I have a dataset consisting of approximately 2 million unique observations. It was initially a set of ID's and URLs. The goal is to cluster the ID's based on the URLs looked at. I transformed both columns to index form to simplify the data. As such, the set has 2 columns; 1. A unique ID and 2. A bag of key strings (they are identifying numbers but in string format, separated by spaces). Example format:
- ID | KeyWords
- 0 | 1 2
- 1 | 2
- 2 | 3
- 3 | 2 3
I initially vectorised KeyWords by TD-IDF and used a simple and dirty KMeans (via sklearn) to cluster them into 13 clusters (selected by the elbow method), which seemed to work and output intuitive and interesting results.
However, the issue I have come across is that there is always one dominant cluster that holds ~80% of the observations. I assume that KMeans was the limiting factor with assumed constant variance, and looked into Latent Dirichlet Allocation (LDA), as well as Gaussian Mixture Modelling (GMM) and BayesianGMM as alternatives. Using the same data format as above, LDA seemed to produce unintuitive results, for which all the topics were very similar and did not make much sense (vastly different to KMeans clusters, expected to see some key similar topics?).

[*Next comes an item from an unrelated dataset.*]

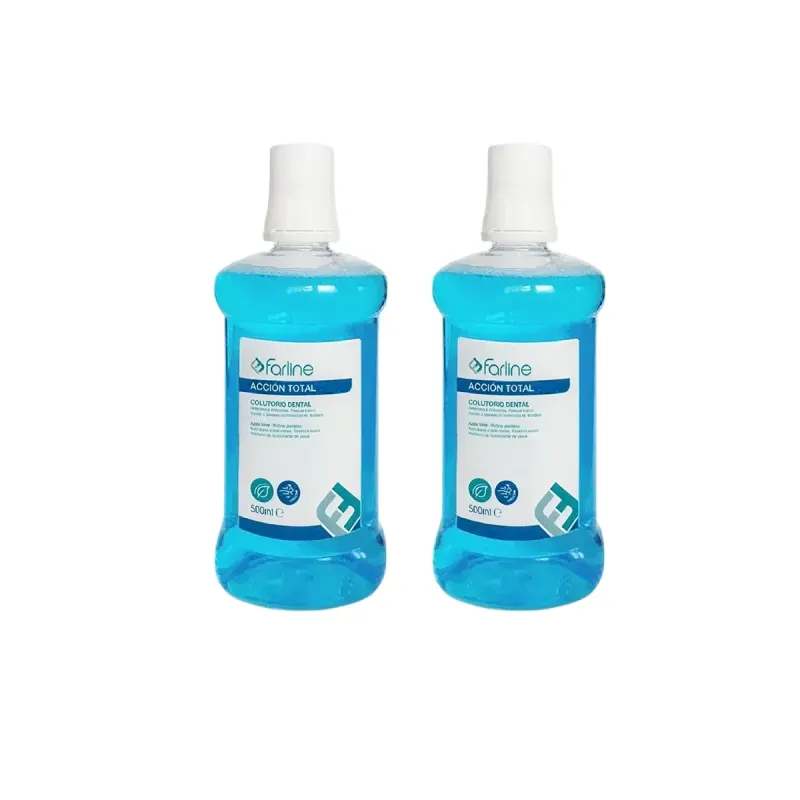 Farline Colutorio Fresco, 2x500 ml | Farmacia Barata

I'm quite new and out of my depth with clustering and have been reading quite a lot about it, but if anyone could provide any insights into immediate logic flaws or a push in the right direction I would very much appreciate it.
Edit: There's about 3300 unique URLs (or KeyWords in this case). The number of tokens/URLs per document is quite skewed actually. The median is 1, mean is ~1.5 (there is a small number of ID's that have a very large number of tokens, some I can deem as outliers but most I cannot). Another key fact is that in the dominant cluster, almost all of these "big players" who have looked at a large number of KeyWords are all within the dominant cluster. I removed them to see how it played out, and the dominant cluster remains.